Осенью 1990 года ученые и журналисты начали обсуждать в прессе «номенклатурную приватизацию». Виктор Ярошенко в статье для журнала «Новый мир» писал о «партии котов», подразумевая «жирных котов». Ими были чиновники из партийного аппарата и их младшие коллеги из комсомола и советских профсоюзов, которые использовали кризис как возможность приватизировать собственность. Пресса писала о новых коммерческих банках, совместных предприятиях и синдикатах, которые росли как грибы и в качестве стартового капитала использовали деньги, щедро позаимствованные из партийного бюджета. Партии принадлежало большинство издательств, которые воспользовались новыми законами и стали коммерческими обществами. Они начали печатать за деньги любую продукцию включая и антикоммунистические манифесты оппозиции. То же самое произошло с предприятиями по производству бумаги – они начали экспортировать бумагу на внешний рынок по цене 800–1000 долларов за тонну. «Партия котов», заключал Ярошенко, не была заинтересована в жестком конфликте. Вместо этого «они потребовали от демократического лагеря негласного общественного договора – вы позволите нам благополучно уйти на покой с набитыми карманами, а мы… не будем в вас стрелять и сажать в тюрьмы». Спустя десять лет эту метафору «договора» подхватили западные ученые, изучавшие феномен «исчезновения» коммунизма в Восточной Европе[493]
.Леон Оников, работавший в центральном аппарате партии, писал в мемуарах: «Каждый профессионал понимал, что неудача с перезагрузкой КПСС неизбежно вела к распаду СССР, потому что на ней держалась вся система». Оников подобно Горбачеву, Яковлеву и Черняеву был типичным «человеком шестидесятых» – для него единственным способом обновить партию было сделать ее объединением просвещенных бюрократов и интеллигенции, превратить в социал-демократию. Оников не был достаточно циничен, чтобы представить, что коммунистическая номенклатура может быть преобразована в правящий класс и главного бенефициара государственного капитализма, как это происходило на тот момент в Китае[494]

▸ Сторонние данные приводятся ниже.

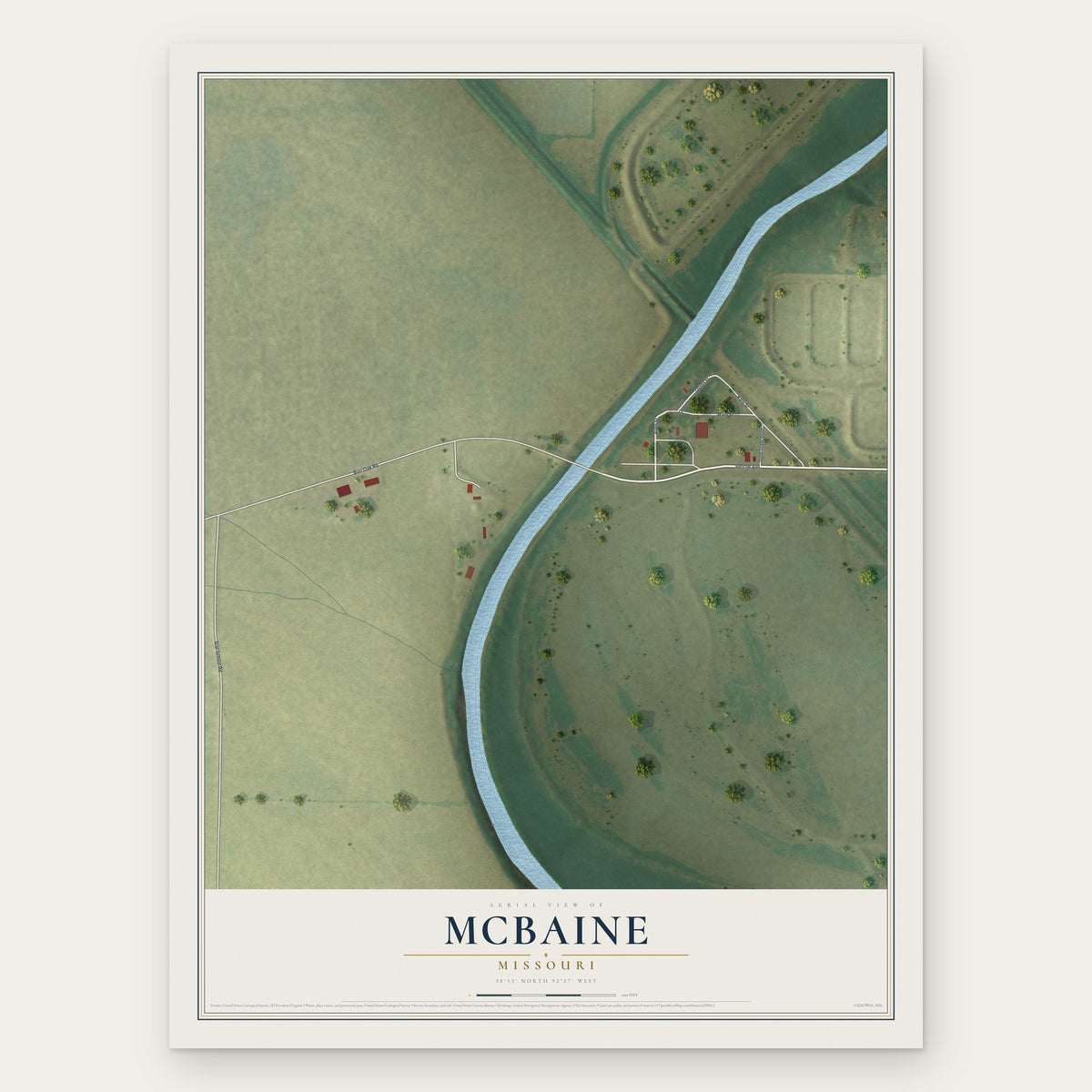 McBaine, Missouri map print, the full design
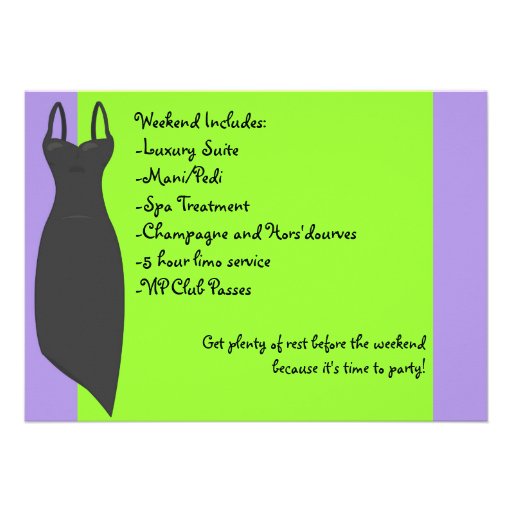Bachelorette Weekend Black Dress Custom Invites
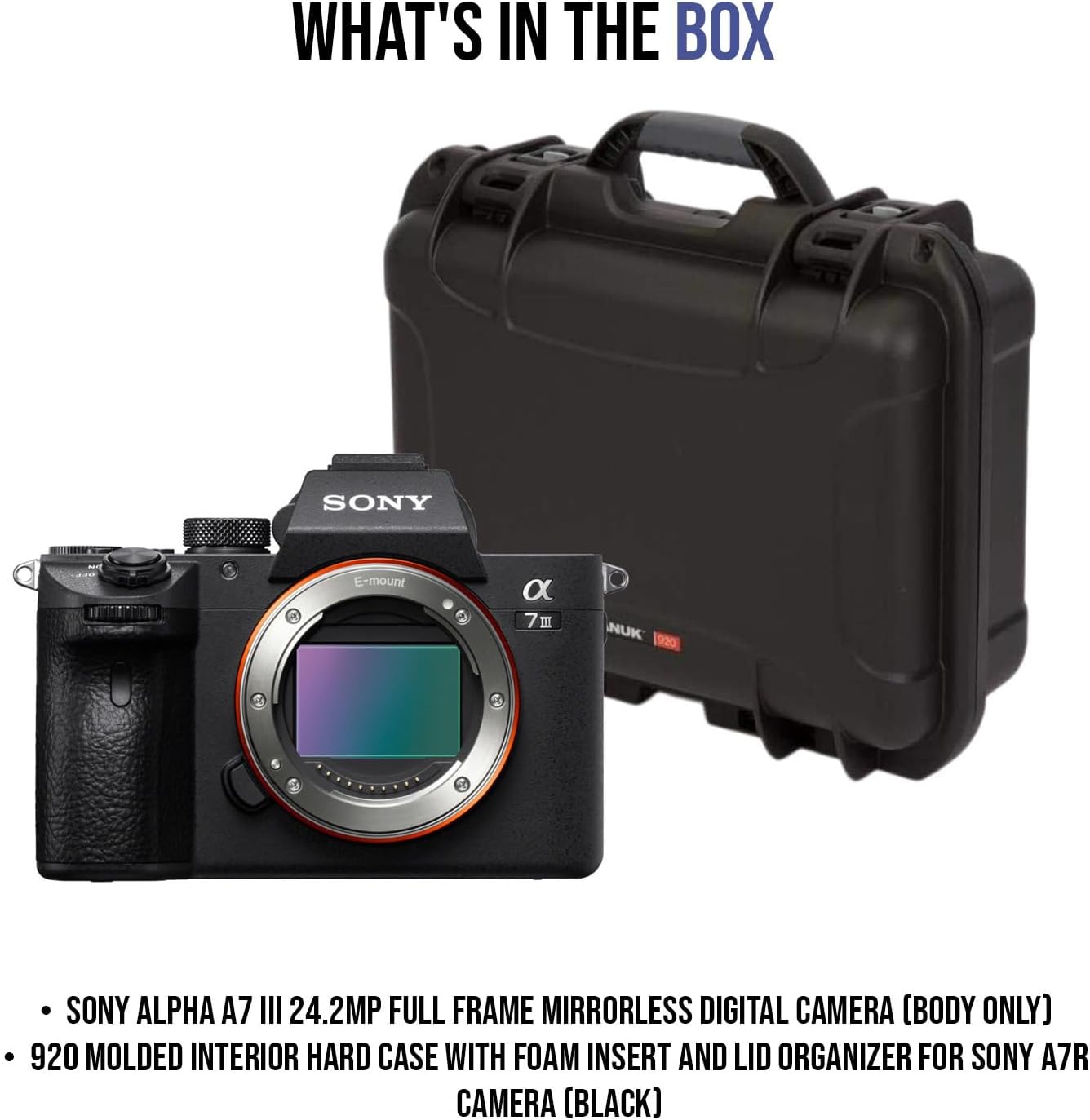 Sony Alpha a7 III 24.2MP Full Frame Mirrorless Digital Camera (Body Only) Bundle with 920 Molded Interior Hard Case with Foam Insert and Lid Organizer for Sony A7R Camera (Black) (2 Items)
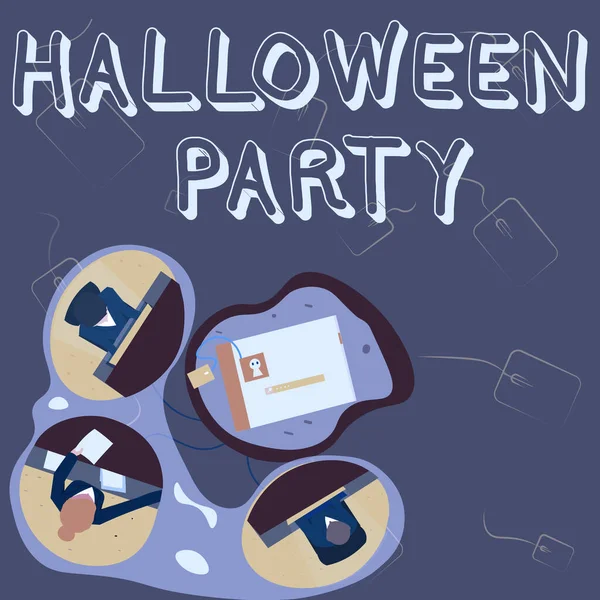 Conceptual display Halloween Party. Word Written on eve of the Western Christian feast of All Hallows Day Colleagues Having Office Meeting Sharing Thoughts Showing New Project Plan. — Stock Photo, Image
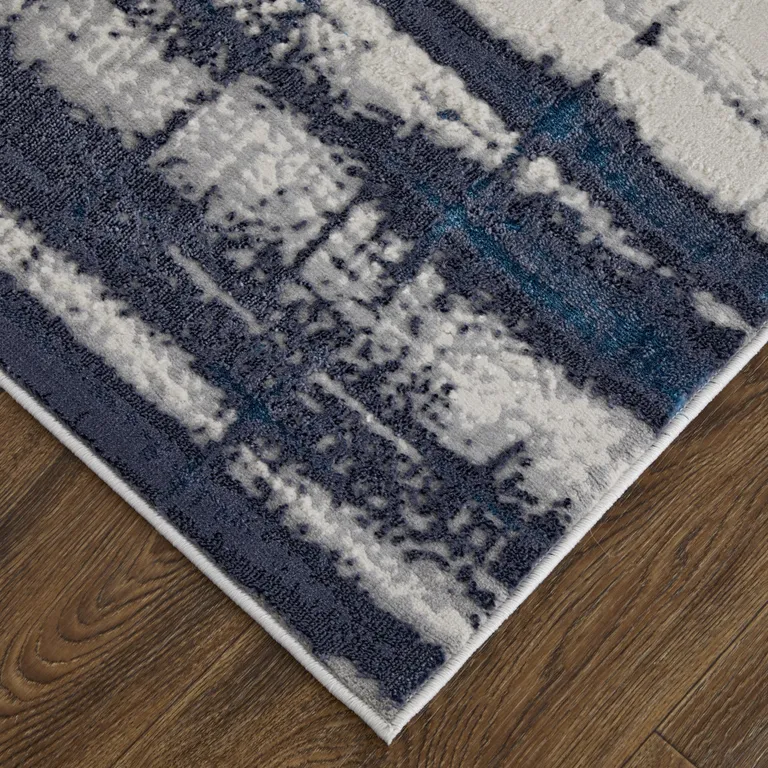 Ivory Blue And Gray Abstract Power Loom Distressed Area Rug Photo 3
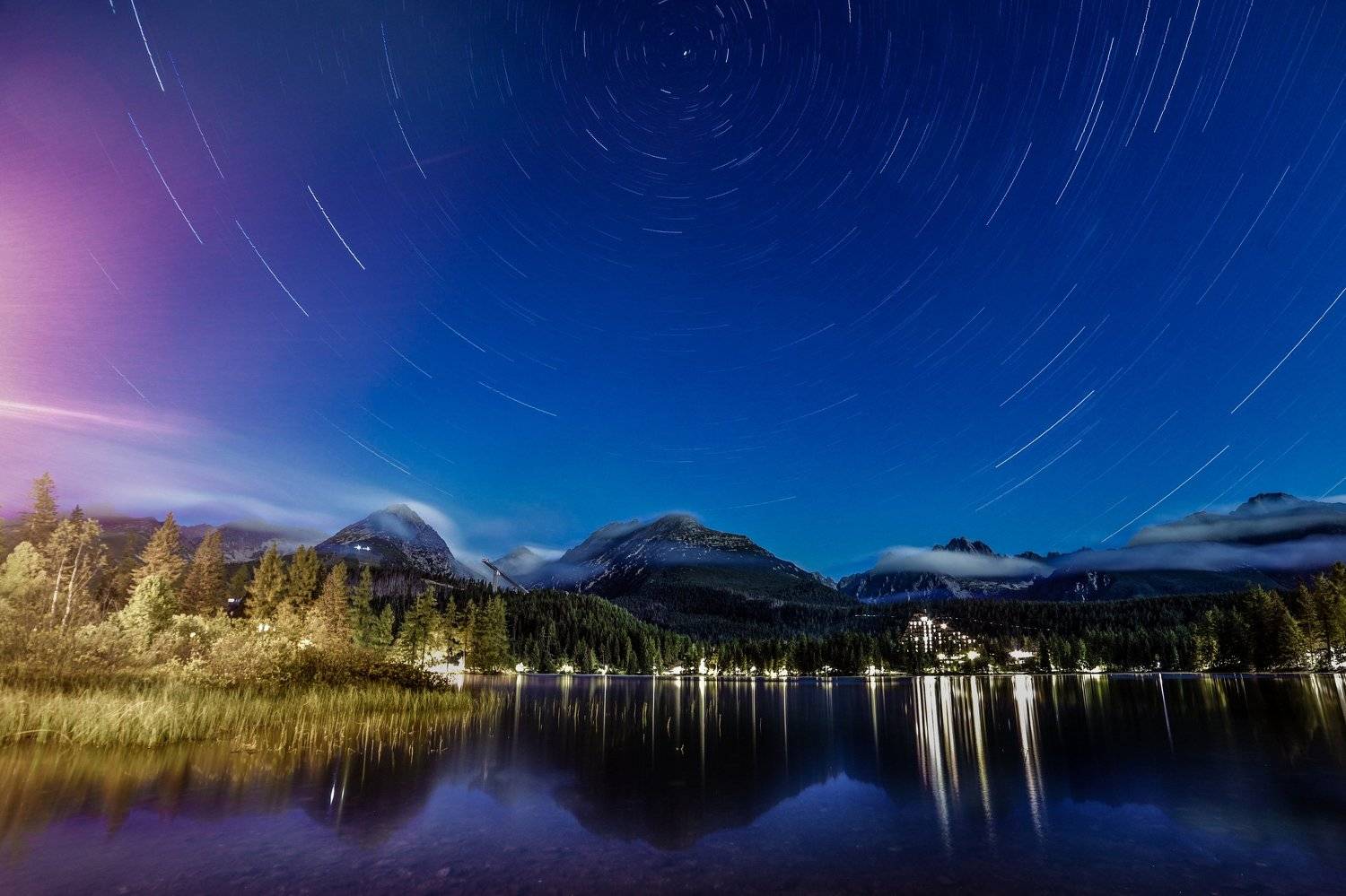 словакия, горы, татры, штребське плесо, озеро, ночь, звездные треки, звезды, пейзаж, Владимир Яськив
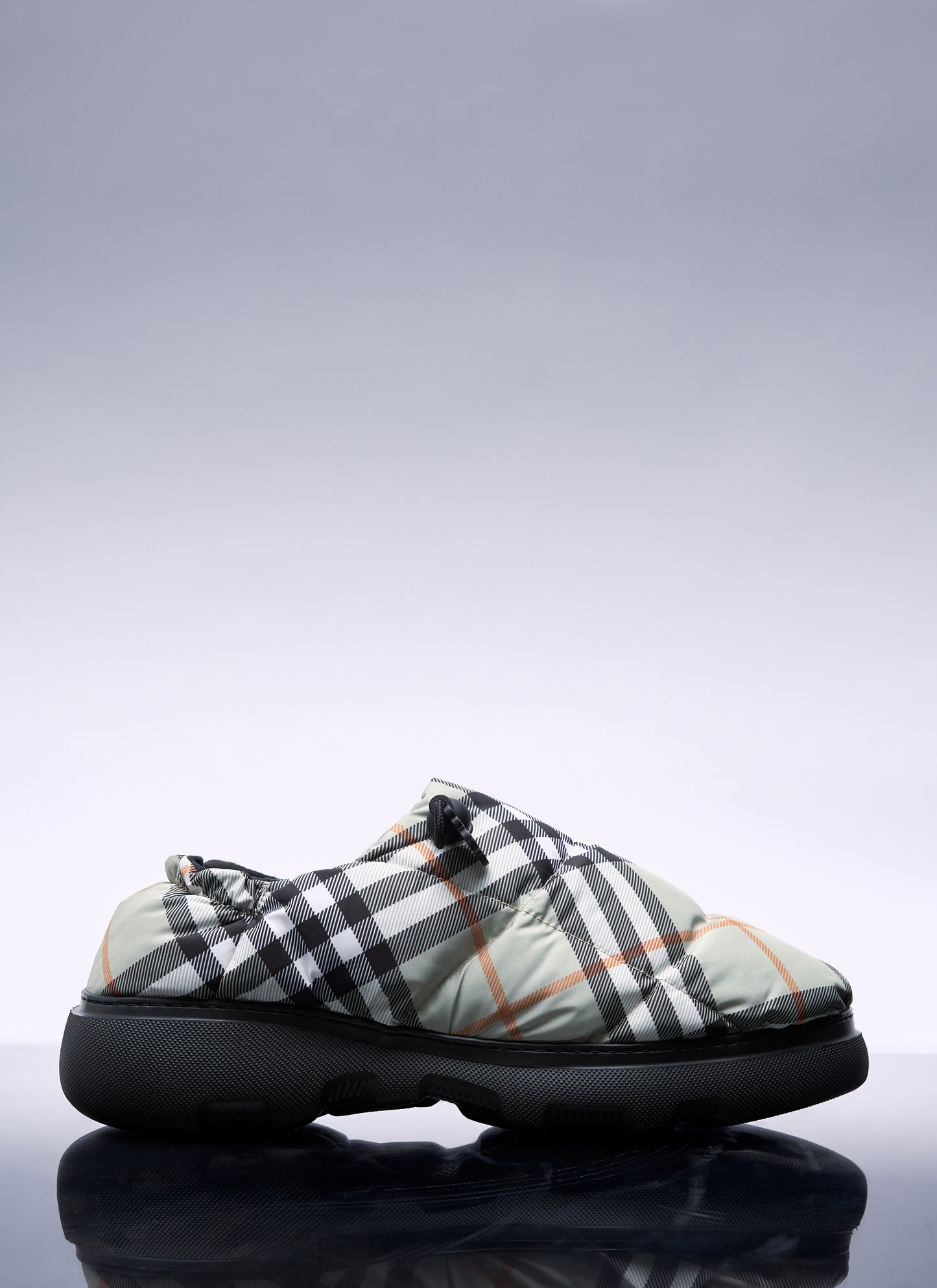 Burberry Men Check Nylon-Blend Pillow Mule BURBERRY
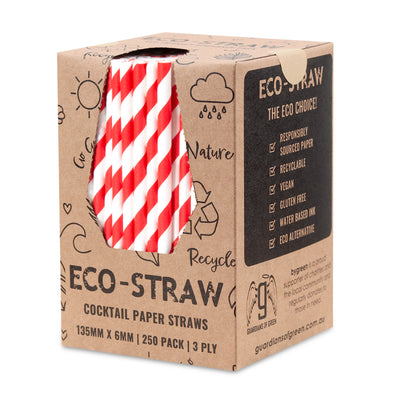 ECO-STRAW - COCKTAIL - PAPER STRAW - 3 PLY - RED STRIPE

. Но либеральный партийный аппаратчик был прав относительно состояния советского государства. Большинство в партийной номенклатуре не могло понять, почему Горбачев продолжает передавать рычаги влияния, особенно материальные активы, другим исполнителям во имя «демократического социализма». Еще при Леониде Брежневе партия превратилась в иерархию республиканских и региональных кланов и управляющей элиты. Они оставались лояльными генеральному секретарю до тех пор, пока чувствовали себя частью системы, которая могла наказать их за непослушание, но в то же время защитить их клановые интересы. Реформы 1989 года, и в особенности возвышение противоборствующих республиканских структур, поставили эту лояльность под вопрос.В течение 1990 года партийная элита и кланы поняли, что старая номенклатура с центром в Москве может исчезнуть, как это произошло в Восточной Европе. Власть над кошельком и управление государственным бюджетом перешло к Верховным Советам, их комитетам. Все это заставило неглупых партийных чиновников задуматься о том, как выжить после Горбачева. В республиках и национальных автономиях это переосмысление шло полным ходом. У старых номенклатурных управленцев было в крови балансирование между центром и местными интересами под флагом национального суверенитета. Как минимум это давало им новые рычаги, чтобы торговаться с Москвой за экономические ресурсы. В республиках, таких как Украина и Белоруссия, партийные аппаратчики вместе с управляющими экономикой сформировали правящее большинство в Верховных Советах. В Казахстане, Узбекистане и других республиках Центральной Азии партийные секретари уже давно действовали как полновластные лидеры этнических кланов. Это был рациональный политический и экономический выбор в ситуации растущей неопределенности[495]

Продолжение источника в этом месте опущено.